Majlis. Refat Tchubarov, chef du Majlis du peuple tatar de Crimée, estime que la possibilité de vendre de l’eau ne fait que « renforcer la position d’occupation de la péninsule». «Ce n’est que depuis le retrait des troupes que nous ouvrirons les premier écluses. Il n’y a pas d’autres compromis ». Refat Tchoubarov estime que les réserves d’eau potable sont suffisants en Crimée, l’eau pourrait manquer dans les bases agricoles et militaires de la Fédération de Russie.
Le nouveau président du bureau présidentiel, Andriy Yermak, a noté que l’Ukraine n’avait jamais discuté avec la Russie de la possibilité de rétablir l’approvisionnement en eau. Il a ajouté que les paroles de Davyd Arakhamia étaient ses pensées personnelles.

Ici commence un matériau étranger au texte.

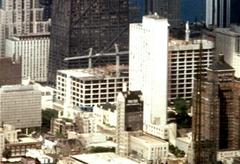 Water Tower Place under construction in Chicago 1974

Le représentant du Majlis du peuple tatar de Crimée dans le district de Krasnoperekop de la République de Crimée Muzaraf Fukala s’est fermement opposé à ce que l’Ukraine vende de l’eau à la Crimée. «La plupart des Tatars de Crimée s’opposent à ce que l’Ukraine vende de l’eau à la péninsule. Parce que ce sera une trahison de l’Ukraine. On suppose également qu’il y aura une proposition d’échanger nos prisonniers contre eau».

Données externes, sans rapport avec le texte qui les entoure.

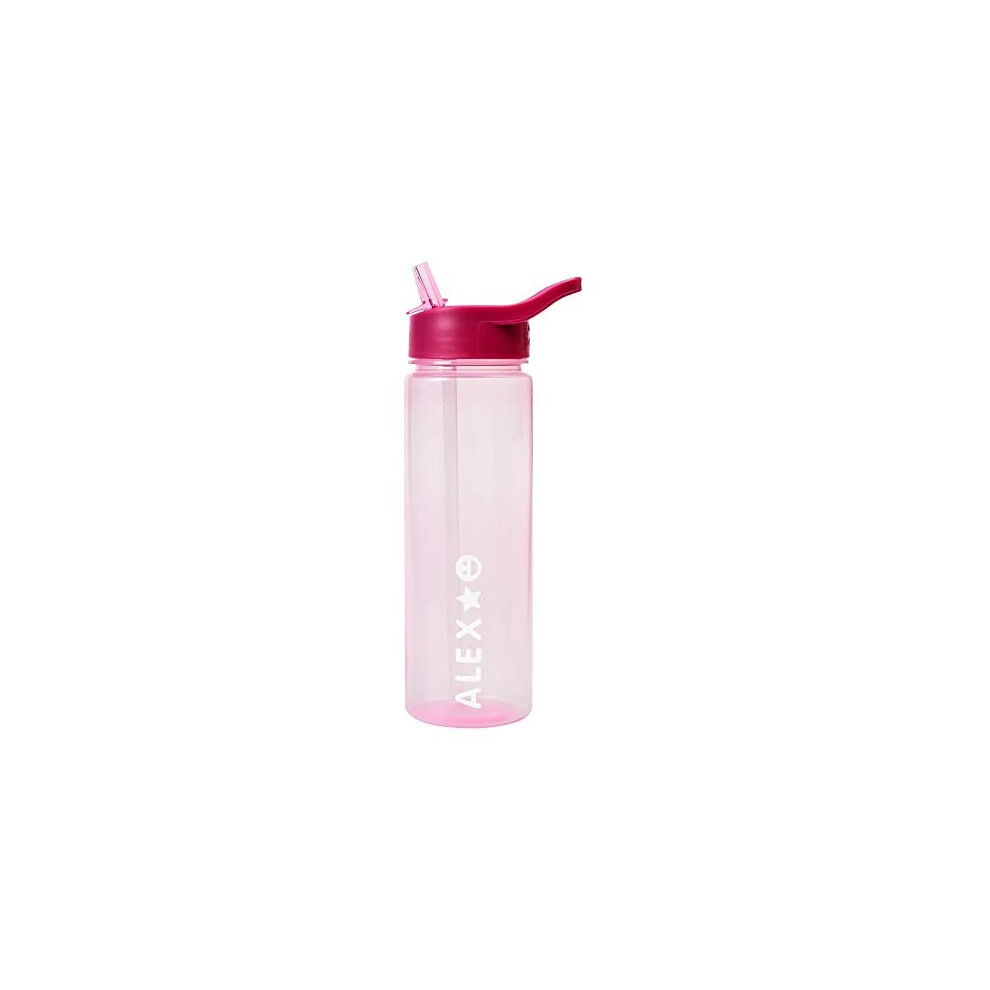 Personalised A-Z Sticker Water Bottle with Straw 600ml Ã¢ Official Merchandise by Polar Gear Ã¢ Kids Reusable Non Spill BPA Free Tritan Ã¢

Oleg Sentsov a déclaré que les personnes ne pourraient être échangés que contre les personnes, pas contre les concessions politiques. Mais la logique du Kremlin est le contraire. Par conséquent, il est possible que dans un proche avenir l’Ukraine puisse à nouveau plonger dans une confrontation interne.
Les Ukrainiens peuvent à nouveau se retrouver devant un choix entre une décision politique (rétablissement de l’approvisionnement en eau de la Crimée) et une décision humanitaire (retour des citoyens ukrainiens). Dans ce cas, l’approvisionnement en eau de la péninsule sera présenté comme acte humanitaire.
De toute évidence, l’approvisionnement en eau entraînera la perte d’un important levier d’influence de Kyiv sur le Kremlin et l’accord final de Kyiv avec l’annexion de la péninsule.